John records all his instruments.
He sits a chimpanzee in front of the computer to do the mixing and mastering.

Great! The song is complete! But wait, should he save space by delivering in 48kHz?
John doesn't see many ultrasonic frequencies in the song. Did the chimp do something? No, it's just the nature of the song.

Should he deliver in 96kHz or 48kHz? Pretend the original recording format is some random crazy high arbitrary value or take the original recording format out of the equation.
 
As its the bit resolution and the convertors linearity (i.e. is it actually 24-bit accurate with equal sized bit steps) which are more important than the sampling rate giving higher frequencies, we're not bats. The higher sample rates are done for technical reasons as it is easier to produce slower roll-off filters which can (for some people) improve the 'sound'. An awful lot was recorded at 48kHz sample rate (and often taken to 96kHz using interpolation in the final offering, which nobody notices). All that said, I usually record stuff at 96kHz/24-bits, being an electronic engineer I like more samples!
 
Yeah, more of a concern when recording. (For all the reasons DuncanS just typed out.) Any sample rate can preserve the audio after the fact as long as the conversion uses something modern-ish like SOX or r8brain. Consumers with muttled sounding low pass filter sporting DACs can upsample as a workaround. (Many consumer AVR products do this by default.) This never had anything to do with preserving artifacts above the audio band.

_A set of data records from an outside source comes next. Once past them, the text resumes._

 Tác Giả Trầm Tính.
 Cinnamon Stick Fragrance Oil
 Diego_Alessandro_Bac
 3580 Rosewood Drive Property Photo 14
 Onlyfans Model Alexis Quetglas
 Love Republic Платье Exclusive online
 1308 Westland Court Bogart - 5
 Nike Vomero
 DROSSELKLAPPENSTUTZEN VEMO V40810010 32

48k is the sweet spot for low latency needing live sound work. Lowest latency with the lowest processing hit. (96k cuts that latency in half again but with more than 2x the processing.) The default Dante network spec is 48k. Lots of reasons to not be an idiot here!

The DA and AD in my Apogee units sounds every bit as good at SD sample rates as HD. (One of the selling points.)

I'll record and produce at 96k just because the switch goes there and it passively avoids the need for any low pass eq. As long as it doesn't get in the way! And I set myself up with a grossly a overpowered computer for audio so nothing gets in the way! 48k for live sound and recording though. Or if someone has some Roland drum machines and sequencing keyboards they want me to record that only run at 44.1k, that clean 1:1 digital signal coming over the USB ports at 44.1k is looking pretty good!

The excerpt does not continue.